Segment Start: RECORDED INFORMATION

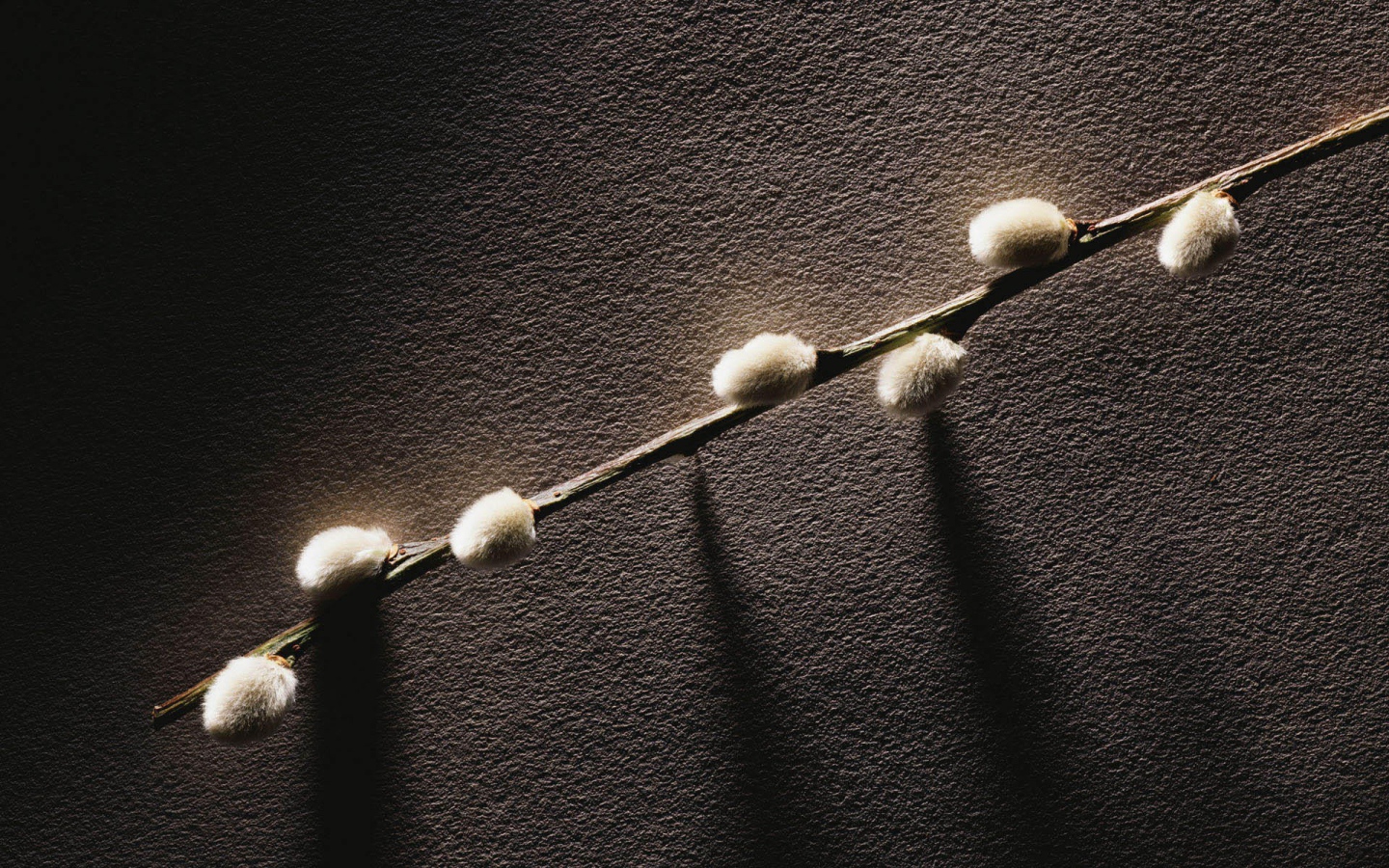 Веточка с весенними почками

Segment End: RECORDED INFORMATION
Segment Start: RECORDED INFORMATION

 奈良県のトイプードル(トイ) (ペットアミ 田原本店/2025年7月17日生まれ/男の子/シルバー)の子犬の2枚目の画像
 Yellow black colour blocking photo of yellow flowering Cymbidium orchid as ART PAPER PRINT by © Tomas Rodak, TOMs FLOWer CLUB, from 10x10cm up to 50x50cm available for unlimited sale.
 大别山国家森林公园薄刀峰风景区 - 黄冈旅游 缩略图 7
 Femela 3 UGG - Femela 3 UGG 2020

Segment End: RECORDED INFORMATION

• _YOUR GOAL_: Wherever the line holding "大别山国家森林公园薄刀峰风景区 - 黄冈旅游 缩略图 7" falls in the entries above, copy exactly from it through the line holding "Femela 3 UGG - Femela 3 UGG 2020", inclusive, and add nothing.

• _RESPONSE TO THIS EXERCISE_:
 大别山国家森林公园薄刀峰风景区 - 黄冈旅游 缩略图 7
 Femela 3 UGG - Femela 3 UGG 2020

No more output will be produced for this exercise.